I have never had this situation, but can offer some general advice that is also applicable to other students whose needs require specialized techniques.
As suggested in other answers here, talk to the student, of course. But ask the student for permission to do at least some of the following.
You probably have a school counselor who can offer some general advice. You can talk to the parents about what they suggest and what has been useful to the student in the past. You can have a meeting with other teachers who have, or had, this student in class to see what they suggest. You may be able, with permission, to talk to the student's former teachers, even in grammar school, to see what might work.

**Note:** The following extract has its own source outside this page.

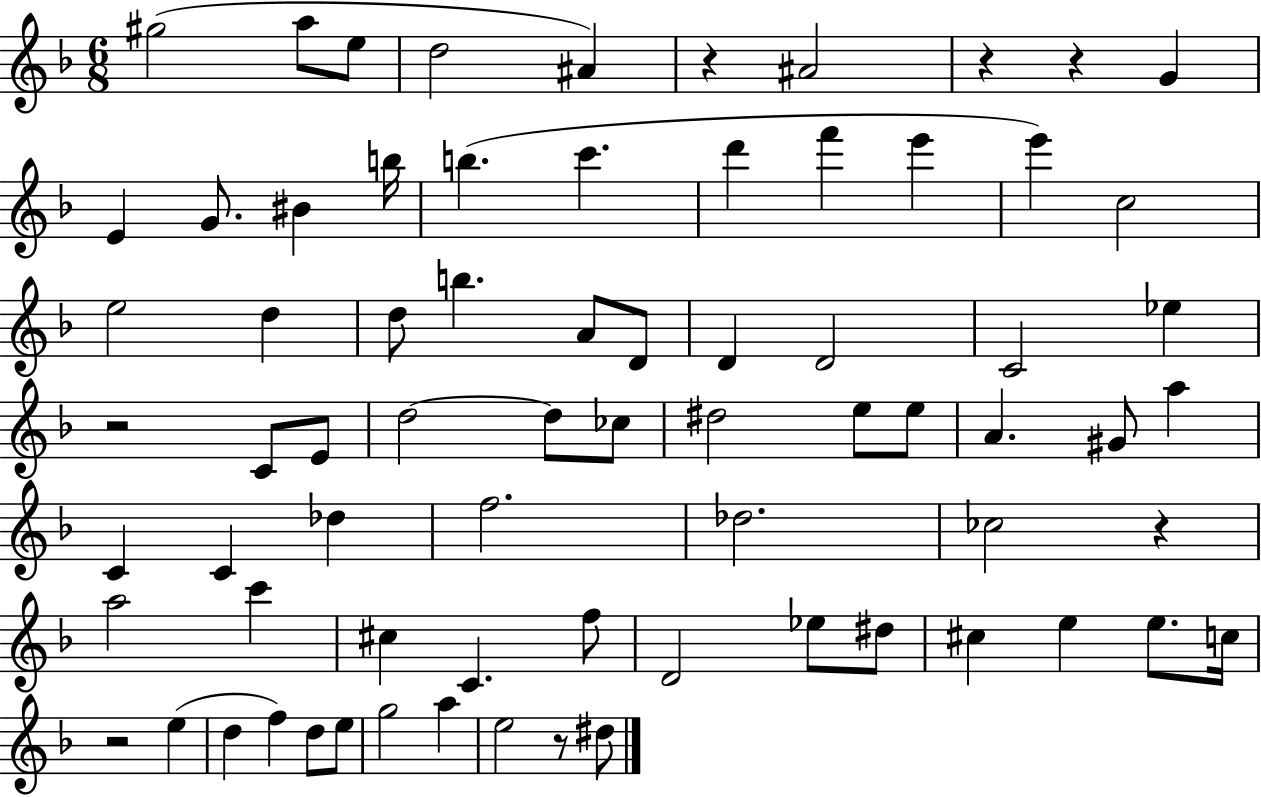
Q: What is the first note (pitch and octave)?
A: G#5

You can also seek, perhaps online, advice from specialists in the student's need-area. The student might, in fact, already be working with a professional. You might see if you can have a conference with them.
As I suggested in a comment, get connected to the APCS community and ask for advice in their fora. Do the same for the ACM SIGCSE group.
It is probably too late to modify your curriculum, though others in your school should do some anticipatory planning for helping this student in the future. It may require some curricular changes generally. I would suggest, however, that curricular updates consider changes that benefit all the students, not just the one.
My go-to suggestion for many things is to incorporate teamwork into the curriculum as much as possible. Every student learns differently, not just the blind student. Every student can contribute to a team, though different students contribute differently. Presumably the student has skills that compensate for lack of sight. Try to bring them to bear in the class so that the student is a part of things, not an outlier. For example, he might have an exceptional memory or an exceptional organizational ability. All of these are needed by professionals and can be capitalized on in the classroom.
In taking APCS the student is obviously not looking for an easy way out. But do what you can to make the classroom a supportive community that benefits all students.